Use the ESM console to monitor your servers

In "Managing Exchange 2000, Part 1," February 2001, I reviewed how Microsoft Exchange 2000 Server has embraced the Microsoft Management Console (MMC) framework, and I described the interaction between Exchange 2000 and Windows 2000's Active Directory (AD). I also examined the division of server-management tasks, which Exchange 2000 performs through the Exchange System Manager (ESM) console, and user- related management tasks, which Exchange 2000 performs through extensions to the standard MMC Active Directory Users and Computers console.

All this knowledge lays a solid foundation for operating Exchange 2000 servers and introduces you to your next task: keeping all your Exchange Server machines running. In this installment, I explain how to monitor servers and what type of status information you can expect to retrieve from the components that represent a healthy server. I also introduce some of the Windows Management Instrumentation (WMI) providers that enable access to Exchange 2000 data.

Back to Basics
Exchange Server has always provided a mechanism to monitor servers. Exchange Server 5.5 implements a primitive form of the Ping command in server and link monitors to determine whether servers are currently reachable on the network; this pinging also informs you whether the set of services (e.g., the Information Store—IS, Message Transfer Agent—MTA) that constitute a fully running Exchange Server system are active. Conceptually, this procedure hasn't changed in Exchange 2000—you can still monitor and retrieve status information from servers. The difference lies in how you go about monitoring servers, the data you can retrieve from servers, and the interfaces that Exchange 2000 uses. (Exchange 2000 supports a full set of documented interfaces that you can exploit to better integrate Exchange Server into an overall systems-management strategy. This point hasn't been lost on third-party developers, who are upgrading their products to take advantage of the new interfaces.)

The ESM console's Monitoring and Status node replaces the server and link monitors that previous Exchange Server versions support. This node lets you set up email or script notifications for events that have occurred on monitored servers, as well as display the status of the servers and connectors within a routing group.

Figure 1, page 106, shows the ESM console, which is the basic working environment you use to manage and monitor Exchange 2000 servers. You can select the Notifications node to expose the set of notifications that operate from a server; you can select the Status node to reveal information about the servers and connectors in the server's routing group.

Monitoring Servers
Exchange Server 5.5 uses server monitors to periodically confirm that services are running as expected on a target server. Exchange 2000 implements the same basic principles but now refers to server monitors as notifications. You establish a set of conditions that you want to monitor on a server and assign a server to monitor those conditions.

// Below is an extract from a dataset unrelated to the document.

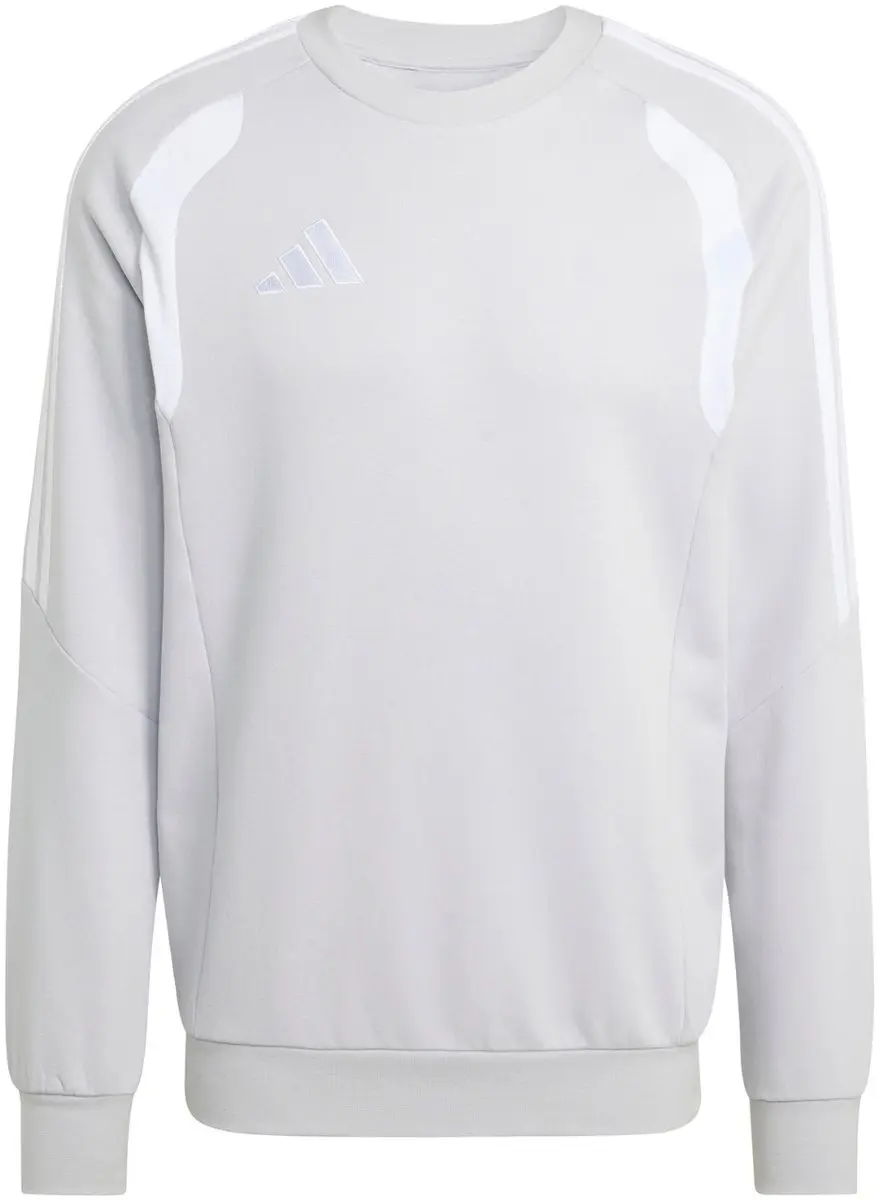 adidas Tiro 26 League Sweater Heren - Grijs L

Exchange 2000 uses remote procedure calls (RPCs) to retrieve information from a server, so you can monitor a server only when the network connection between the two servers supports RPCs. This requirement is a design consideration when you decide which server to use as a monitoring base.

Exchange 2000 supports both email notifications and script notifications. An email notification results in Exchange 2000 sending an email message to a predefined set of email addresses. A script notification invokes an executable or Windows Script Host (WSH) script to perform required operations. Clearly, a script notification—which can perform several different programs and other operations in sequence should an error condition arise—is much more powerful than an email notification. As the Monitored Items column in Figure 2, page 106, shows, the QEMEA-ES1 server is monitoring itself (i.e., This server) and two other servers (i.e., QEMEA-DC1 and QEMEA-ES0). If a specified condition, such as disk space dropping under a predefined threshold, occurs on any monitored server, the monitor will send an email message. (A systems failure can stop Exchange Server dead, so never rely completely on the arrival of an automated notification message.)

You can define monitoring parameters for a server in two ways. First, you can expand the Administrative Groups folder, select a server from the list, open the Properties sheet, and go to the Monitoring tab. Alternatively, you can open the ESM's Status node, select a server from the right pane, and open the server's Properties sheet. Either method opens a Properties dialog box similar to the one that Figure 3 shows. (The disks that you can monitor for the Free space threshold condition differ from server to server. This condition is important because services such as the IS or MTA will stop when a disk that they use runs out of free space.) Table 1, page 108, lists the conditions that you can monitor.

The Disable all monitoring of this server check box permits or prevents server monitoring. The check box is cleared by default, so servers automatically publish monitoring data through WMI. Don't select this check box unless you have a good reason for not monitoring the server.

After you establish monitoring conditions, Exchange 2000 will fire notifications if the server meets the specified threshold condition. Figure 4, page 109, shows how the ESM defines parameters for an email notification. The Servers and connectors to monitor drop-down list includes options such as This server, All servers, Any server in the Rout-ing Group, and Any connector in the Routing Group. The Customize button lets you select a specific set of servers from a dialog box that lists all the known Exchange Server machines in the organization.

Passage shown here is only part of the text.